First to the sensible side of its personality, and *that* 1.5-litre diesel engine. You might think we’d have gone for the 1.0-litre petrol model – its zippy performance and lightweight seem like the perfect match for the sharp-handling Focus. But actually, it was the diesel that caught our attention. Why? Well, for one it sips fuel like a desert explorer rationing out their last bottle of water. Even in central London traffic, the Focus can soar over 50mpg without you having to make any kind of effort. But our personal record has been London to Gatwick and back (about 60 miles) on the light with ten miles to spare.

Sure it’s not all good news, the diesel doesn’t have the revy nature of the petrol, but it does do some things better – like motorway overtaking. The 1.5 might only have a 120hp but 300nm of torque from just 1,750rpm means it actually has a surprising amount of urge when you join the fast lane on the motorway. It’s also relatively smooth for a diesel, with the clatter you get from a cold start subsiding for a noise that could trick you into thinking it’s petrol. Our only real complaint is how long it takes to get any kind of warmth out the heater on a cold morning.
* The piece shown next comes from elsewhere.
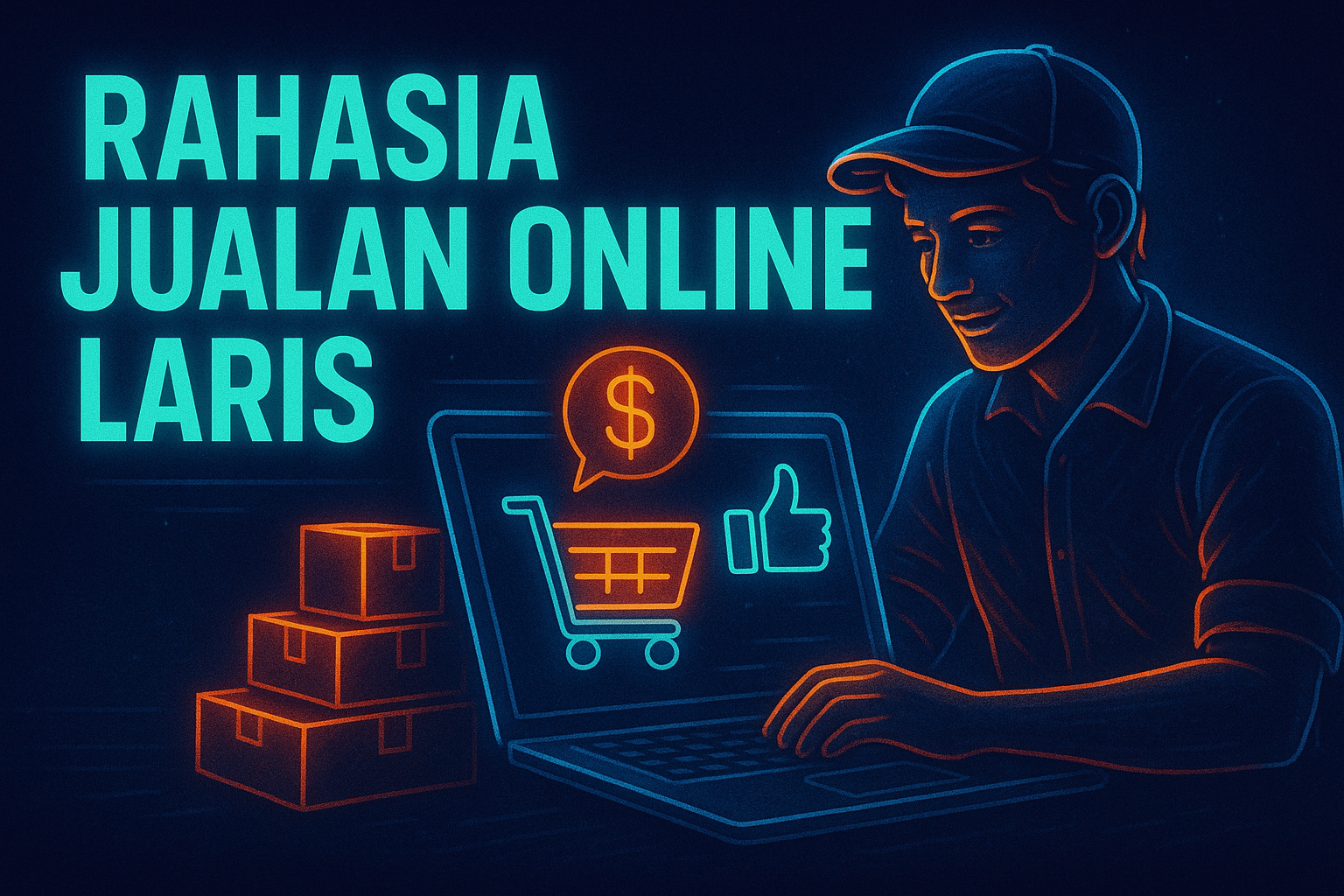 Rahasia Jualan Online Laris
But while the heater won’t warm your heart, the way the Focus drives certainly will. Even without the independent rear suspension you get on more expensive models, our Focus has sharp steering and bucket loads of front end grip that mean you can chuck it into corners with absolute confidence that it won’t do something unpredictable, even through a series of tight bends it feels remarkably composed thanks to suspension that sits on the stiffer side of soft – keeping body lean in check without ever feeling uncomfortable.

In fact, the Focus is so good it makes some hot hatches seem average to drive – but can it stay in our good books? Well, you’ll have to tune in next month to find out.

Month 1

Having learned to drive in a Ford Focus and owned a Fiesta, it’s fair to say I’ve always been a fan of the Blue Oval, write news editor Russell Campbell, so I was pretty smitten when I found out my new long-termer would be wearing that badge. What model did we go for? An ST-Line with the 1.5 TDCI EcoBlue – a combination of words, numbers and abbreviations that means this is the most economical Ford Focus coming with a 1.5-litre diesel engine and a six-speed manual gearbox. The ‘ST-Line’ bit denoting that, despite sipping fuel, it also looks sporty inside and out, has firm suspension that stops it leaning like a tower in Pisa around corners and larger 17-inch alloy wheels with grippier tyres.

To that, we added a few choice options, including Frozen White paint (£250), Ford’s SYNC3 sat-nav upgrade (£350), Ford Pass Connect in-car WiFi (£250), which includes a wireless connection to the car; and tinted rear windows (£250). The biggest addition, however, is the £750 Convenience Pack. It bundles together a load of handy kit including a rear-view camera, door edge protectors and park assist. All in, that gets us to an on-the-road price of £24,700. First impressions? Well, having spent a few months driving our excellent, but ultimately rather numb, Skoda Kodiaq, it’s nice to get in a car that I can truly enjoy driving. The Ford’s combination of direct steering, generous grip levels, well-weighted pedals and snickety gearbox mean it really is fun to chuck down a decent road.

That’s despite it having an engine that, on paper, sounds like a real party killer. In fact, 120hp, the mid-range diesel is smooth for its ilk and feels surprisingly nippy – quicker than its 0-62mph time of 10 seconds would suggest. That’s because the stuff that matters – the 300Nm of torque – arrives at just 1,750rpm so you have a decent amount of acceleration for overtaking. And, it’s impossible to argue with the Ford’s fuel economy – with a little bit of effort, I’ve seen nearly 60mpg driving through central London on a busy Saturday morning.

What else do I like? Well, while I’m not a fan of white cars, I think our Focus is a bit of a looker thanks to its lowered suspension, ST Line body kit, twin exhaust pipes and charcoal alloy wheels. Even the red-stitched seats appeal to my inner boy racer. Then there’s the high-definition display for the rear parking camera, which makes other cars’ cameras feel like you’re peering through a pair of steamed up goggles. Finally, there’s the solid front bumper which deflected the failed parking attempt of my dear old mum (relatively) unscathed.